=== EXERCISE MATERIALS ===

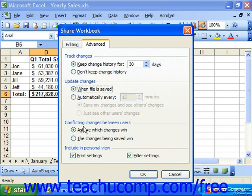Sometimes, when two users edit the same cell at the same time, a conflict will arise when Excel goes to save the workbook. In the Conflicting Changes Between Users section, you can set how to resolve those conflicts. You can select either the option button for Ask Me Which Changes When or the Changes Being Saved When.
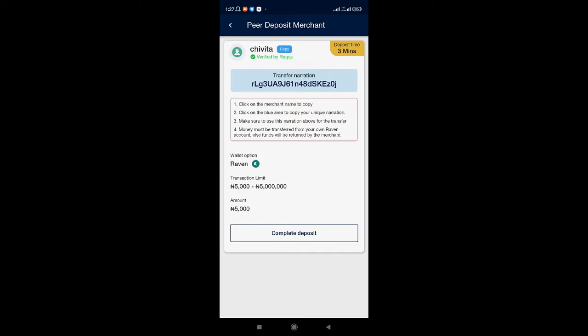Now we have to copy the name — this is Chivita, that's the person's name. So copy it. Number 1: click on the merchant name to copy. Number 2: click on the blue area to copy your unique narration. Number 3: make sure the narration is available for transfer. Number 4: it must be transferred from your own Raven account — you should not ask someone else to send it for you. So use your own.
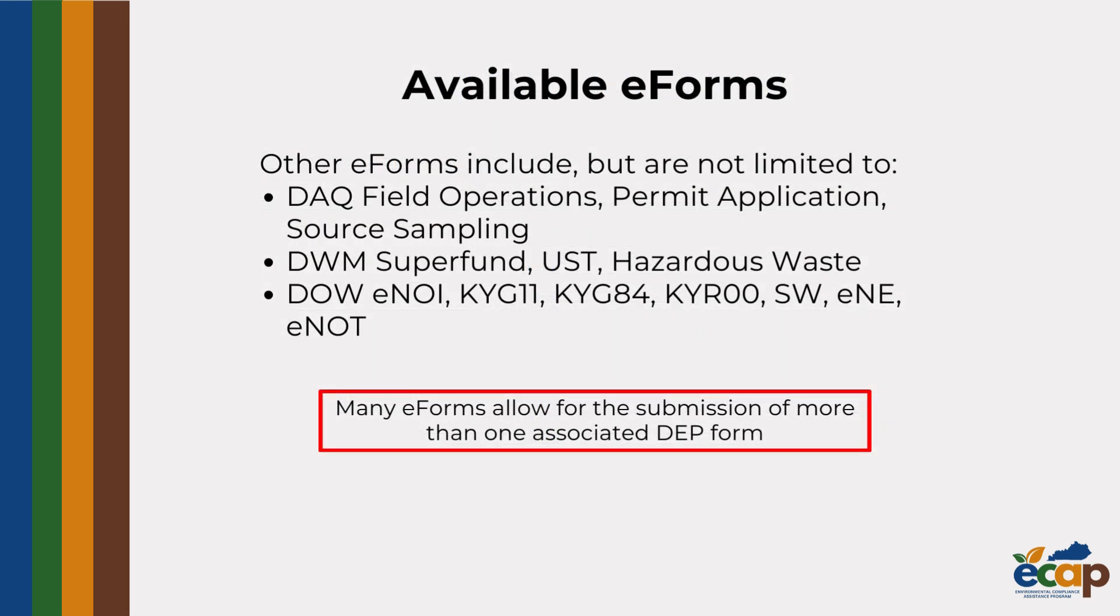EEC eForms can be used for many different forms. You can use eForms for submitting reports to the Division for Air Quality Field Offices and submitting DAQ permit applications and source sampling related forms.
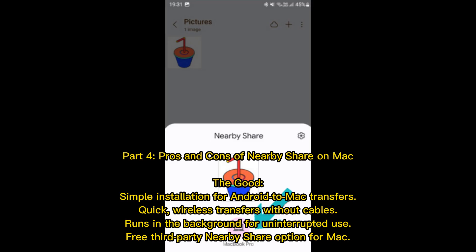Part 4. Pros and Cons of NearbyShare on Mac. The good: simple installation for Android to Mac transfers, quick wireless transfers without cables, runs in the background for uninterrupted use.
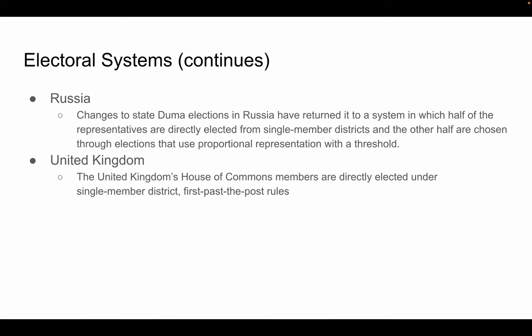Moving on to the UK, the United Kingdom's House of Commons members are directly elected under single-member district first-past-the-post rules. While governing power alternates between two major parties, the single-member district system allows representation from members of other parties in the UK's different regions — most pertinent to Scotland and Northern Ireland. That's a wrap for Topic 4.1. Thanks for listening.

===

REQUIRED ACTION -
Restate each of the entries above word for word and skip every image.

ANSWER SPACE -
Sometimes, when two users edit the same cell at the same time, a conflict will arise when Excel goes to save the workbook. In the Conflicting Changes Between Users section, you can set how to resolve those conflicts. You can select either the option button for Ask Me Which Changes When or the Changes Being Saved When.
Now we have to copy the name — this is Chivita, that's the person's name. So copy it. Number 1: click on the merchant name to copy. Number 2: click on the blue area to copy your unique narration. Number 3: make sure the narration is available for transfer. Number 4: it must be transferred from your own Raven account — you should not ask someone else to send it for you. So use your own.
EEC eForms can be used for many different forms. You can use eForms for submitting reports to the Division for Air Quality Field Offices and submitting DAQ permit applications and source sampling related forms.
Part 4. Pros and Cons of NearbyShare on Mac. The good: simple installation for Android to Mac transfers, quick wireless transfers without cables, runs in the background for uninterrupted use.
Moving on to the UK, the United Kingdom's House of Commons members are directly elected under single-member district first-past-the-post rules. While governing power alternates between two major parties, the single-member district system allows representation from members of other parties in the UK's different regions — most pertinent to Scotland and Northern Ireland. That's a wrap for Topic 4.1. Thanks for listening.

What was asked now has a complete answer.